Effect of divider wall-to-end wall distance on the vortical structures and heat transfer characteristics of two-pass channel using topological analysis

Purpose This study aims to explore the 3 D separated flow fields and heat transfer characteristics at the end wall of a serpentine channel with various turn clearances using topological analysis and critical points principles of three-dimensional vortex flow. Design/methodology/approach This aims to explore the 3 D separated flow fields and heat transfer characteristics at the end wall of a serpentine channel with various turn clearances using topological analysis as well as critical points principles of three-dimensional vortex flow.
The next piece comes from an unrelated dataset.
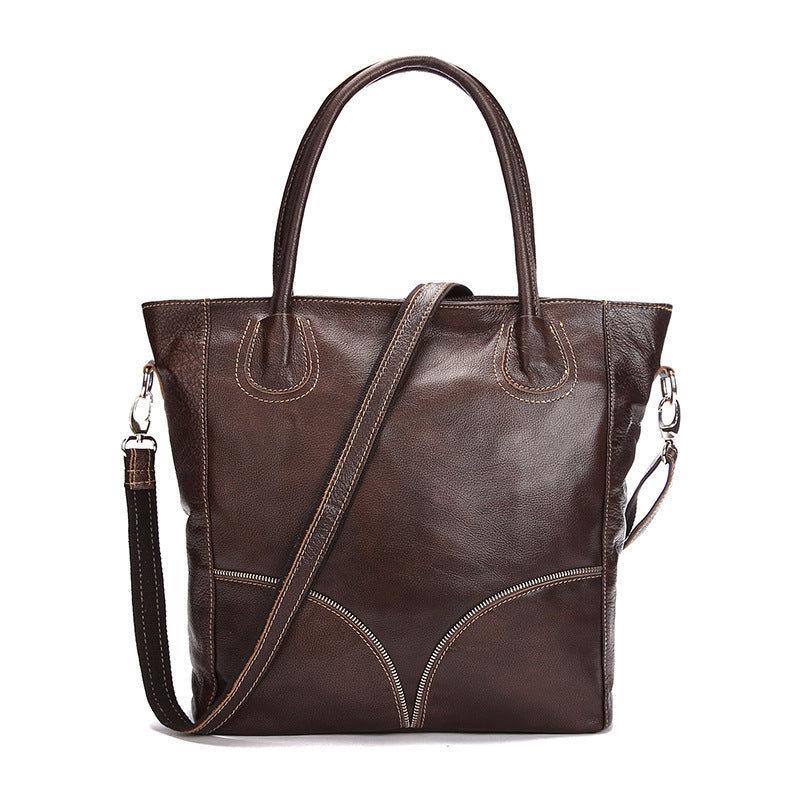 Large Capacity Leather Zipper Tote Bag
Findings The endwall heat transfer in the narrow spacing passage is significantly stronger than that in a wide spacing channel. As the gap clearance is kept at 0.87 times of the hydraulic diameter, the endwall heat transfer and thermal performance can be accordingly enhanced with low pressure drops, which is because a relatively strong concentrated impingement flow for the medium gap clearance helps to restrain the downstream fluid flow and enhance the shear effect of the secondary flow. Practical implications The numerical results can be applied in designing sharp turn of serpentine channel in heat exchangers, heat sinks, piping system, solar receiver and gas turbine blades. Originality/value The evolution mechanism of the vortices in the turning region under different gap clearance was analyzed, and thermal enhancement characteristics were predicted innovatively using topological analysis method.